It should also be noted that it's more correct to say Gigatexels/s instead of Gigapixels/s as in the marketing materials published - Imagination found that a lot of people didn't correctly grasp the meaning of texture fillrate and thus opted to simplify the marketing information in pixels/s.
The figures scale down the range with corresponding performance with the AXT-48-1536, AXT-32-1024, AXT-16-512 and finally the AXM-8-256. The AXE-1-16 is a separate, smaller more customized microarchitecture.
Imagination envisions the AXT-32-1024 to be the traditional sweet-spot target for a premium mobile GPU SoC in smartphones, while the larger configurations would possibly be used in larger form-factor devices.
The company calls the A-Series “the GPU of everything”, and there’s indeed a ton of changes and features that make up the new IP. We’ll be covering a few aspects of the company’s disclosed big matrix of features above, starting off with one of the biggest changes, the GPU’s ALU architecture.
New ISA & ALUs: An Extremely Wide Architecture
As mentioned, the ALU architecture as well as ISA of the new A-Series is fundamentally different to past Imagination GPUs, and in fact is very different from any other publicly disclosed design.
The key characteristic of the new ALU design is the fact that it’s now significantly wider than what was employed on the Rogue and Furian architectures, going to up a width of 128 execution units per cluster.
For context, the Rogue architecture used 32 thread wide wavefronts, but a single SIMD was only 16 slots wide.
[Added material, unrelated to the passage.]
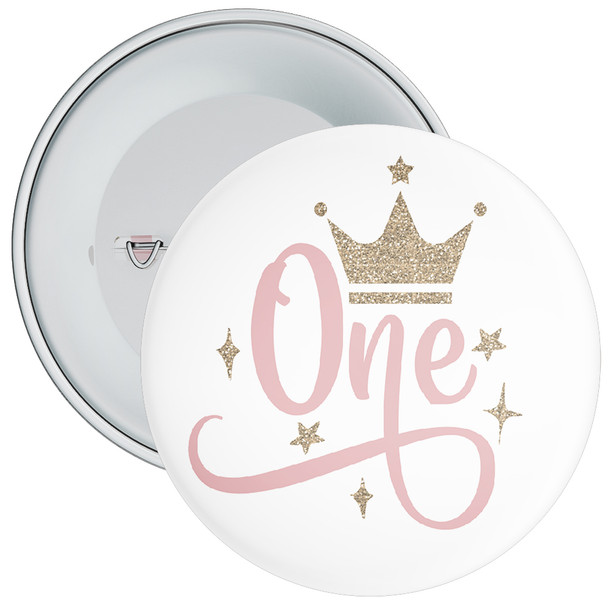 Pink Crown 1st Birthday Badge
As a result, Rogue required two cycles to completely execute a 32-wide wavefront. This was physically widened to 32-wide SIMDs in the 8XT Furian series, executing a 32-wide wavefront in a single cycle, and was again increased to 40-wide SIMDs in the 9XTP series.
In terms of competing architectures, NVIDIA’s desktop GPUs have been 32-wide for several generations now, while AMD more recently moved from a 4x16 ALU configuration with a 64-wide wavefront to native 32-wide SIMDs and waves (with the backwards compatibility option to cluster together two ALU clusters/CUs for a 64-wide wavefront).
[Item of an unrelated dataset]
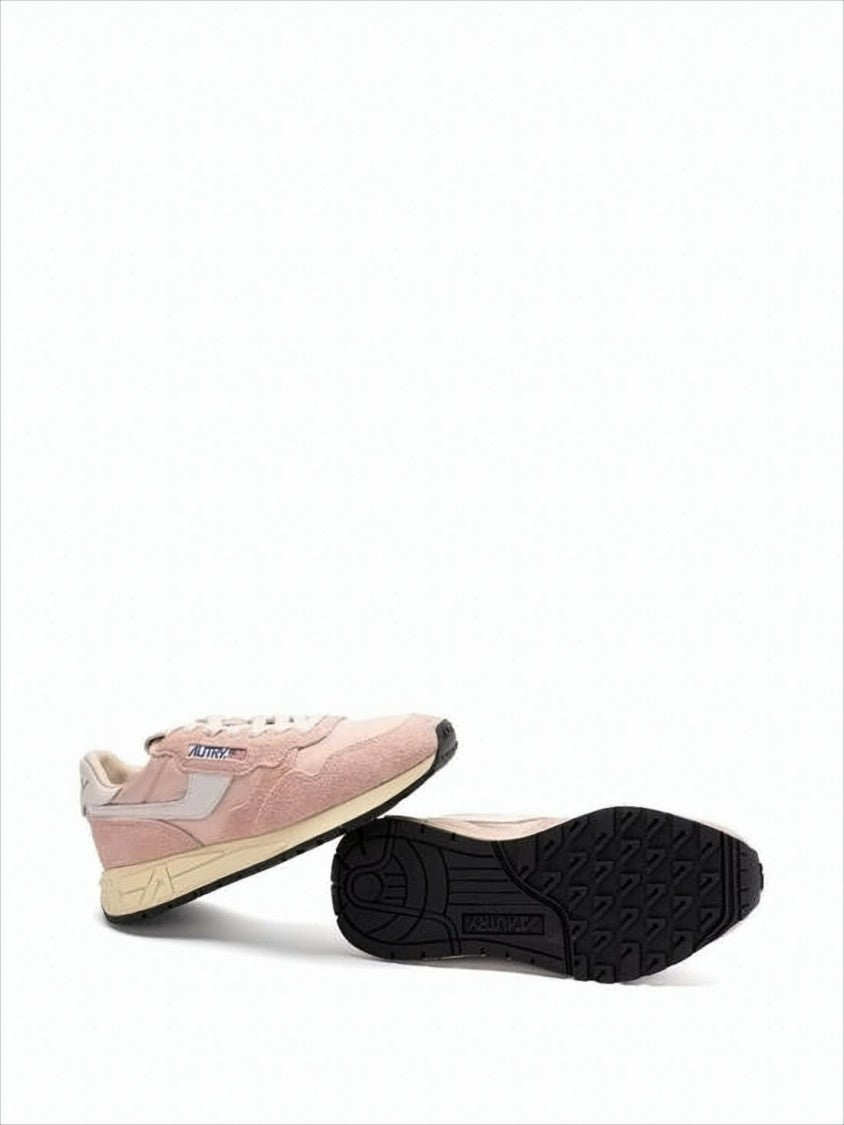 Autry Soft Pink And Cream Suede Sneakers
More relevant to Imagination’s mobile market, Arm’s recent GPU releases also have increased the width of their SIMDs, with the data paths increasing from 4 units in the G72, to 2x4 units in the G76 (8-wide wave / warp), to finally a bigger more contemporary 16-wide design with matching wavefront in the upcoming Mali-G77.
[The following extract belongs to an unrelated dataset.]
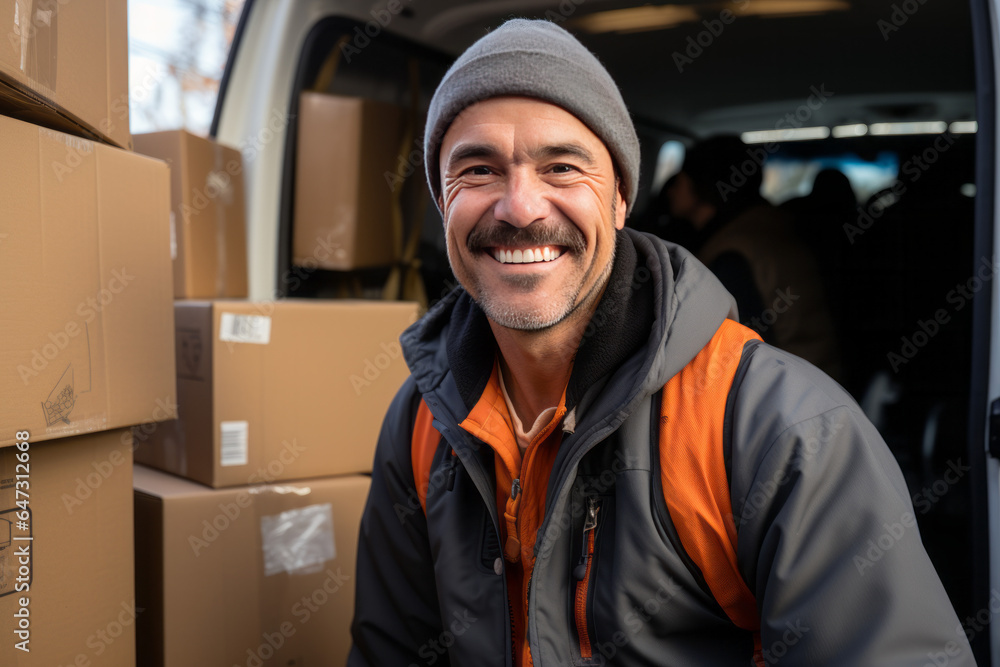Happy Smiling Delivery Man Standing with Truck bokeh effect with lots of blur Happy Smiling Delivery Man Standing with Truck bokeh effect with lots of blur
So immediately one might see Imagination’s new A-Series GPU significantly standing out from the crowd in terms of its core ALU architecture, having the widest SIMD design that we know of.
All of that said, we're a bit surprised to see Imagination use such a wide design. The problem with very wide SIMD designs is that you have to bundle together a very large number of threads in order to keep all of the hardware's execution units busy. To solve this conundrum, a key design change of the A-Series is the vast simplification of the ISA and the ALUs themselves.
Compared to the Rogue architecture as depicted in the slides, the new A-Series simplifies a execution unit from two Multiply-Add (MADD) units to only a single MADD unit. This change was actually effected in the Series-8 and Series-9 Furian architectures, however those designs still kept a secondary MUL unit alongside the MADD, which the A-Series now also does without.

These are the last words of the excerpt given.